Czech Republic – We Are Domi, “Lights Off”
These entries that attempt to sound like major record label hits are a double-edged sword, but when they work, they work. Maneskin won last year’s Eurovision Song Contest because they clearly sounded like a band that would have become famous independently. We Are Domi are bringing that energy – the entry has some clear Calvin Harris influence but is original, uplifting, and fun. The music video has an actual plot, which makes it fun and not cringe to watch.
Italy – Mahmood & BLANCO, “Brividi”
In the interest of not being too discriminatory against ballads – which, for the record, should simply be banned from Eurovision (this is supposed to be a party!) – this is the best ballad of the bunch. Highlighting same-sex relationships is a tired Eurovision trope at this point, eight years after a bearded drag queen took the trophy, but independent of the video, the Italians know how to write and perform a heart-wrenching love song.
Norway – Subwoolfer, “Give That Wolf a Banana”
You might think this is a quirky fun dance song, why does it deserve last place over more forgettable ballads?

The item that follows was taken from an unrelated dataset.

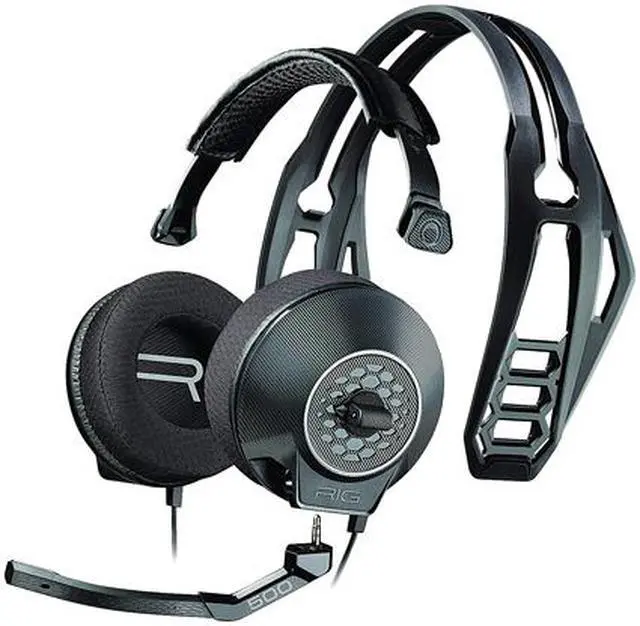 Alt view image 2 of 2 - RIG 500HX Stereo Gaming Headset - Xbox One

Because we as a planet did this already. It was called “The Fox” by Ylvis, it was awful, and it should stay in 2013 where it belongs.
Rest of the Worst
UK – Sam Ryder, “Space Man”
The U.K. is a permanent member of the Sec– the Eurovision “Big 5,” so they don’t have to bother to come up with anything actually tolerable. To be fair, the chorus of the song is not terrible, but the “If I was an astronaut” falsetto is truly unfortunate. And then there are the profound lyrics, like: “I’m up in space, man/Up in space, man” and “There’s nothing but space, man, no/Oh, I’m in the wrong place, man/Nothing but, nothing but, nothing but space, man Nothing but, nothing but, nothing but space, man.”

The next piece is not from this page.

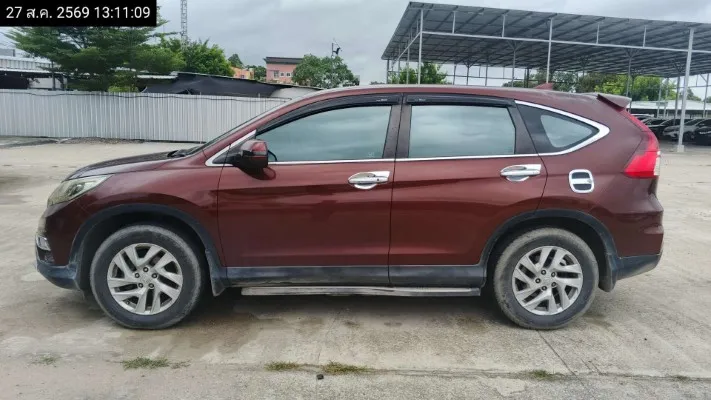 2014 Honda CR-V – 7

You know you could just send nothing, right Britain? You could just not send a song?
France –Alvan & Ahez, “Fulenn”
A completely shameless ripoff of Ukraine’s spectacular 2021 entry “Shum,” down to using the same neon green color tones and post-apocalyptic, The 100–style outfits. The reason “Shum” worked is because it was based on a Ukrainian folk song and the video was recorded in an actual post-apocalyptic wasteland. Eurovision desperately needs a “no plagiarism” rule.
Iceland – Systur, “Með Hækkandi Sól”
Iceland often misses the memo and sends extremely boring, barely melodic sad songs to Eurovision. Last year was an exception – even Iceland sent a happy song, that’s how you know it was a good year! – but they seem to be back to their usual snoozefest. This song works as atmospheric background noise for the dramatic montage in a prestige television drama, but not so much as the inspirational anthem a Eurovision winner is supposed to be.
What Did I Just Watch? Honorable Mention
Georgia didn’t make it to the final, and I wouldn’t call this “good,” but my life is better for having watched it. Thank you, Georgia.